Lesson to be learned this Thursday: is the ID movement a loving work of God?

We are told that knowledge will pass away. So whatever our PhDs are supposed to do before we are all dead, they must be used in the service of love.

Now check this out. This contextual origin of ID.

The Edwards v Aguillard decision opened the door to alternative theories being presented in the classroom after YEC got shot down as religion.

Richard Dawkins said antievolutionists are insane and evil.

Both events triggered the birth of ID in the early 1990s.

Campus Crusade and Intervarsity jumped on board in 1996.

This Thursday I sit in on a Discovery Institute linked apologetics ministry at a major university here in Dallas.

Lauri Lebo the Dover journalist told me the trial divided neighbor from neighbor.

She is an atheist.

Has the ID movement been a loving work of God?

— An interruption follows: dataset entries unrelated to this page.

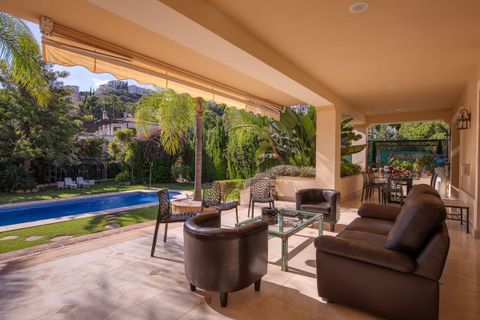 Villa a Los Arqueros, Malaga, Los Arqueros - € 2.100.000 | Ref: R4447306 - foto 5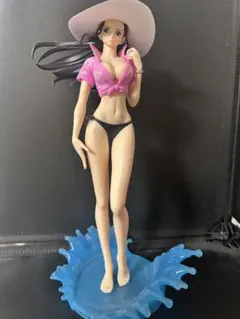 ワンピース ロビン 水着 フィギュア 箱無し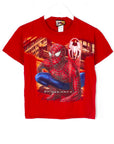Vintage Spiderman '04 Women's Baby Top (L/XL)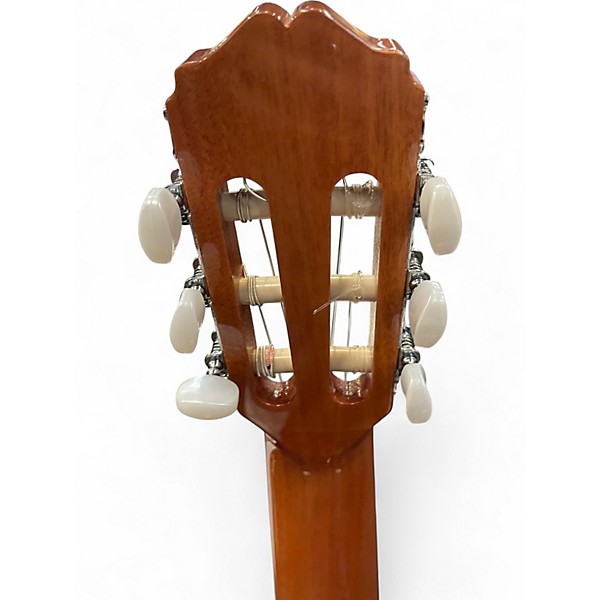 Used Takamine GC1CE Natural Acoustic Electric Guitar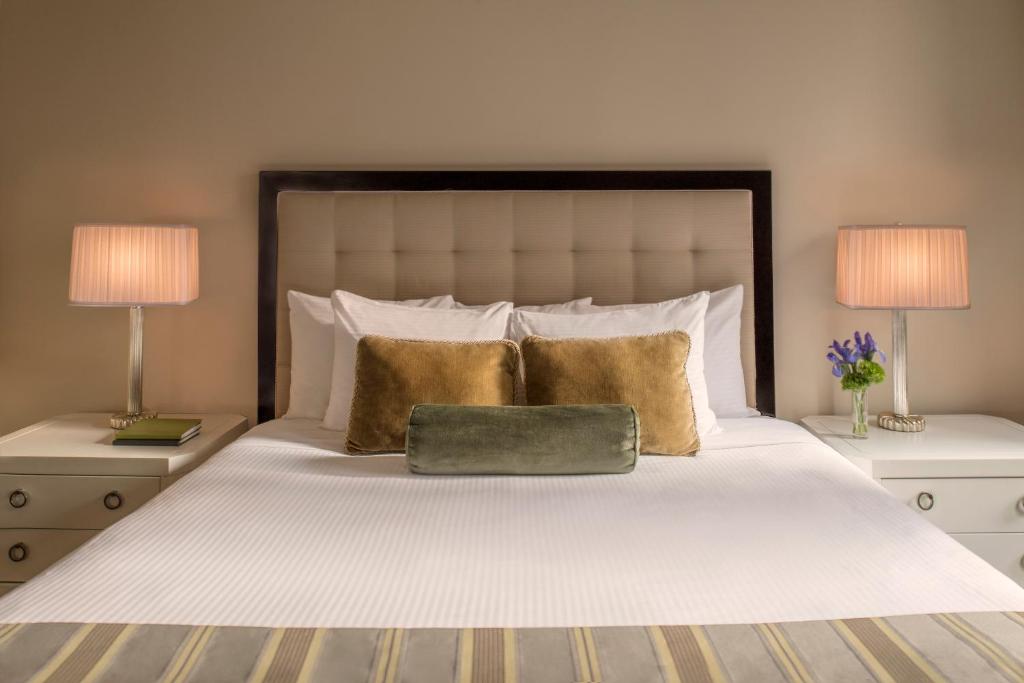 Premier Two Double Beds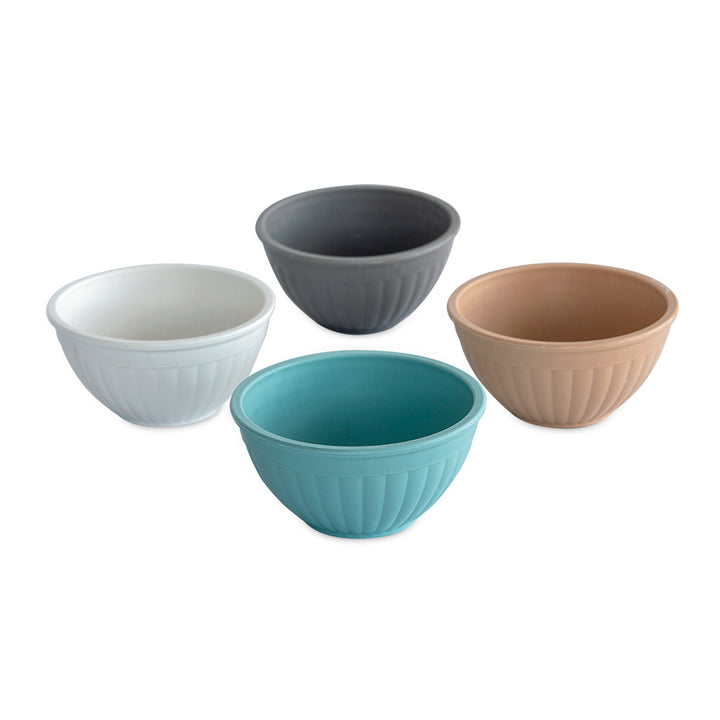 Nordicware 4 Piece Prep & Serve Mini Bowl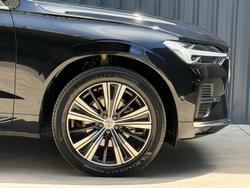 2024 Volvo XC60 Ultimate B5 Bright MY24 AWD Onyx Black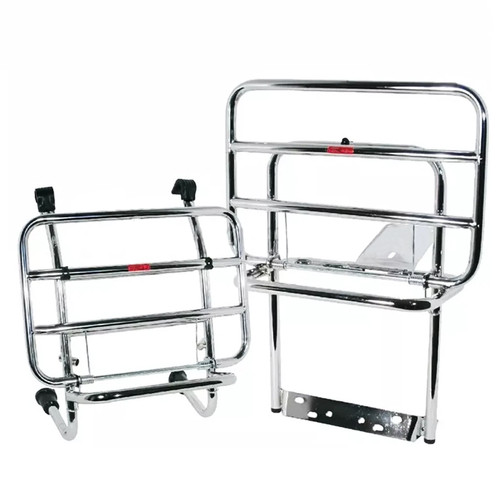 Kit porte bagages avant - porte-bagages, +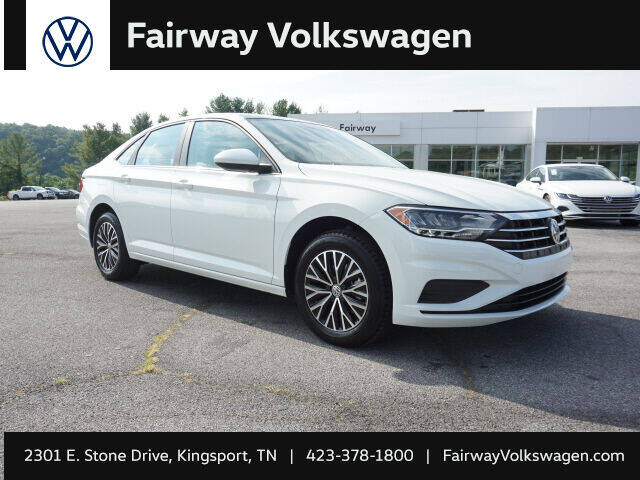2021 Volkswagen Jetta 1.4T SE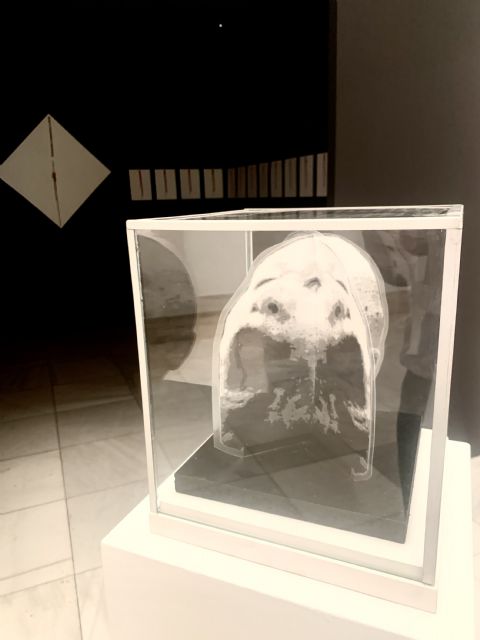 José María Garres expone '¡Grita!' en la Sala Alta del Almudí - 1, Foto 1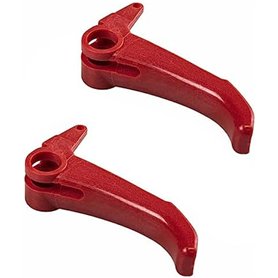 Vuzmode Lot de 2 manettes d'accélérateur de Rechange 753-04119 for tondeuses à Gazon Ryobi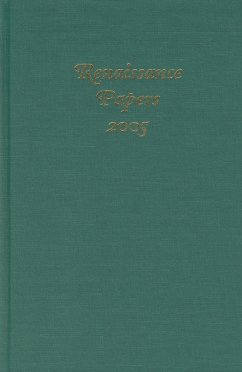 Renaissance Papers 2005 - Cobb, Christopher / Hester, M. Thomas (eds.)
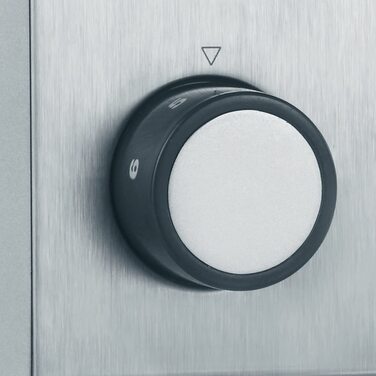 Тостер Graef TO 90 / 880 Вт / на 2 ломтика / с насадкой для булочек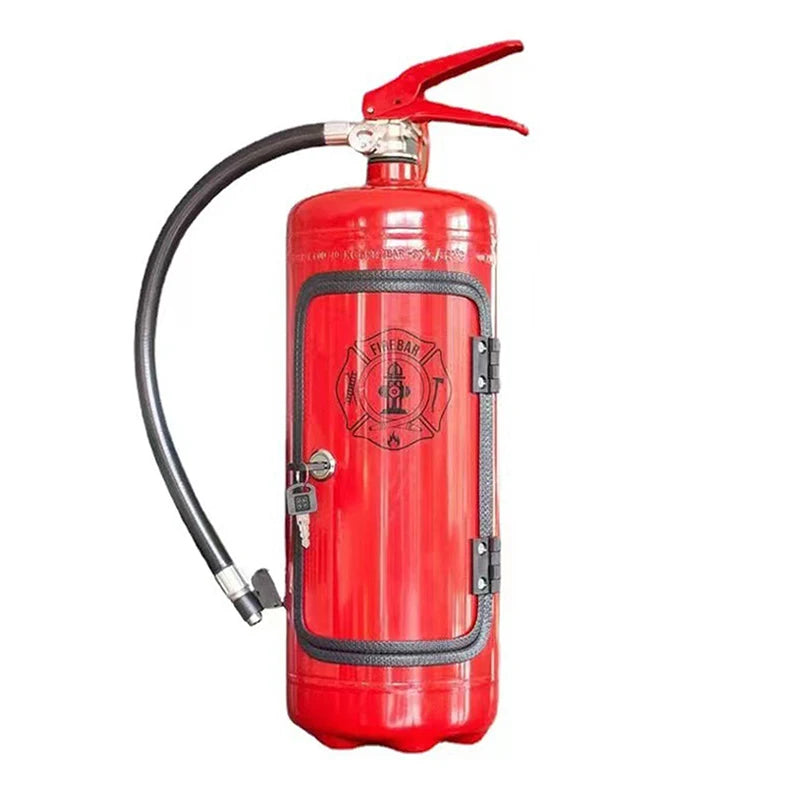 Inferno Liquor Locker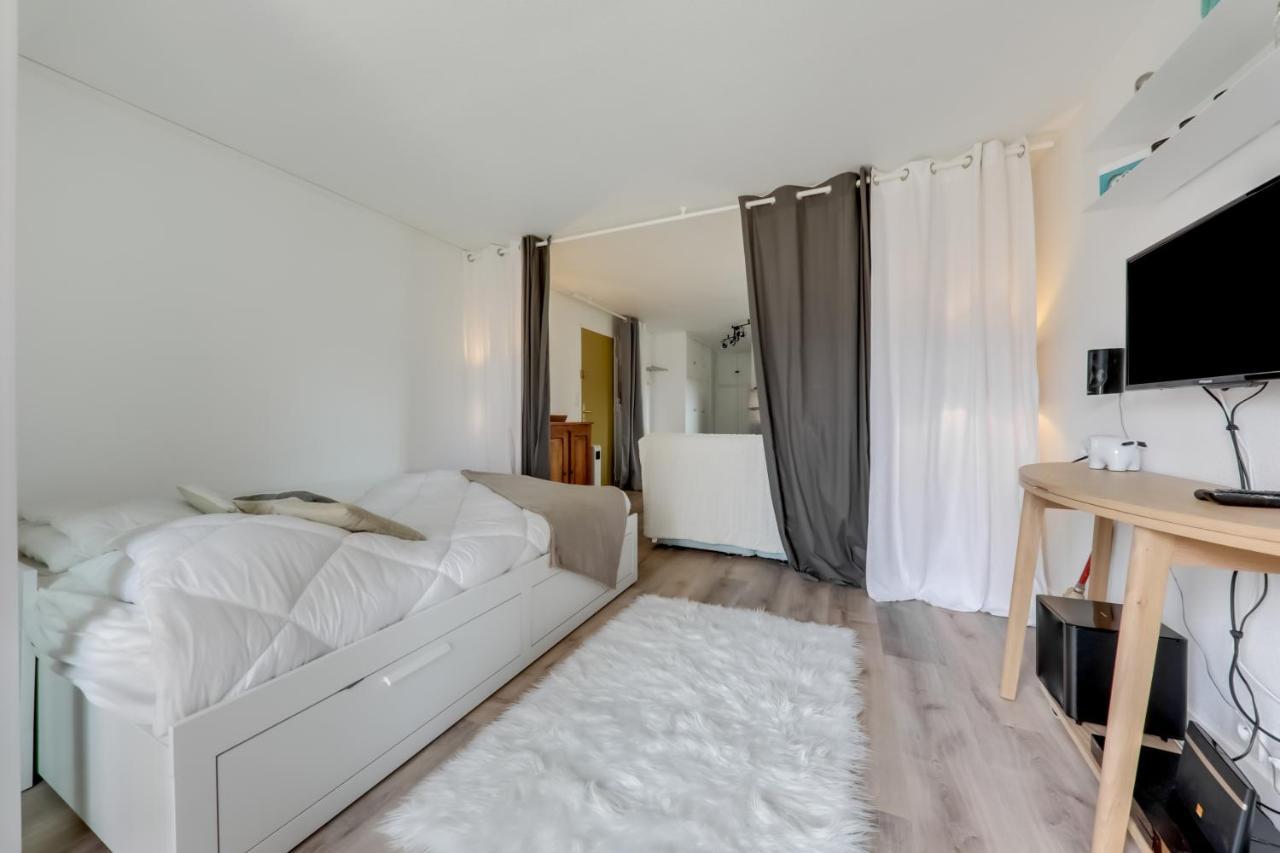Le Rivage Appartement Arzon Buitenkant foto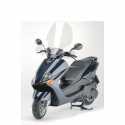 Pare-brise haut Yamaha Majesty 125 150 180 2001 2006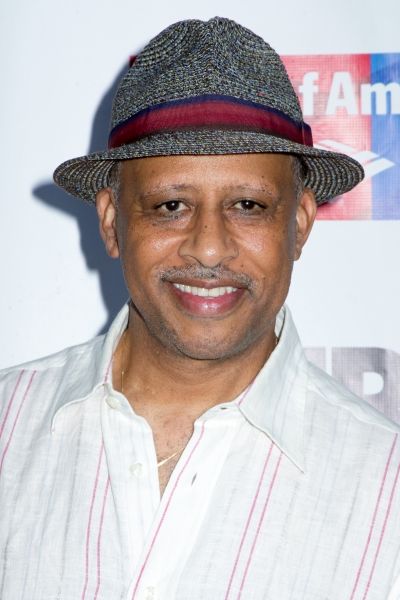 Ruben Santiago-Hudson Photo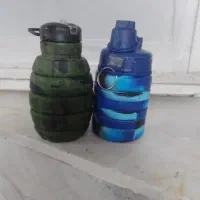 قمقمه سیلیکونی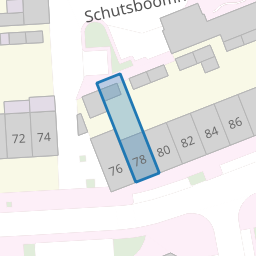 Perceel TBG01-M-11889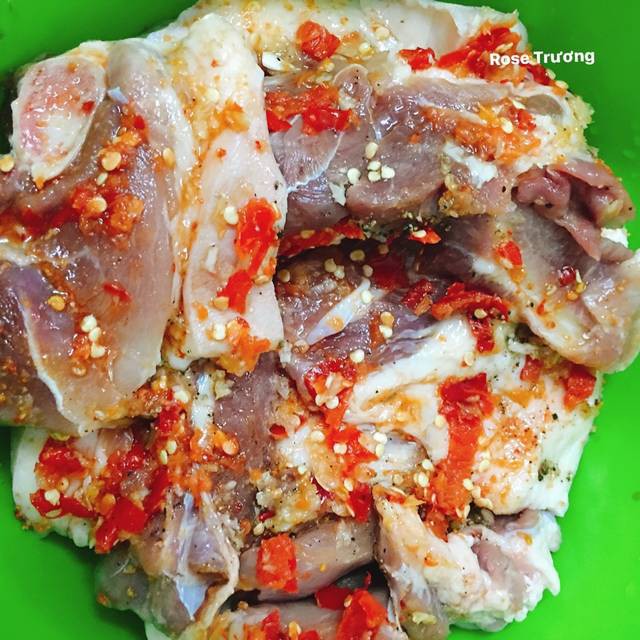 Nắng nóng đỉnh điểm, món thịt heo một nắng đang hot MXH: Trước khi đem phơi khô đừng quên các thao tác này!- Ảnh 7.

All those PhDs in the movement…are they being wasted?

What do you think?


I don’t think it makes sense to question the motivations or intentions of many well meaning individuals. We can ask if the effects of the movement and its interactions as a whole are consistent with Christ but there is an important difference there.

Yes and no. The ‘yes’ aspect is that some essentially stop doing actual science as what they do and write no long resembles science but everything that science stands against despite masquerading as science. The ‘no’ aspect is that what should I do with my doctorate in Physics? Do I have to publish papers and advance my discipline as a whole? Or can I do other things with it? There can be a lot of flexibility and some statistics show as little as one in 200 who get doctorates might end up as tenured professors: https://academia.stackexchange.com/questions/17431/what-ratio-of-phd-graduates-in-stem-fields-ultimately-end-up-as-tenured-profes

From the viewpoint of someone in the movement, it can seem pretty amazing to use your degree and your Christian faith to write articles that encourage other Christians. I think one can just hope that it doesn’t become a case of the famous Sinclair quote:

‘It is difficult to get a man to understand something, when his salary depends on his not understanding it.’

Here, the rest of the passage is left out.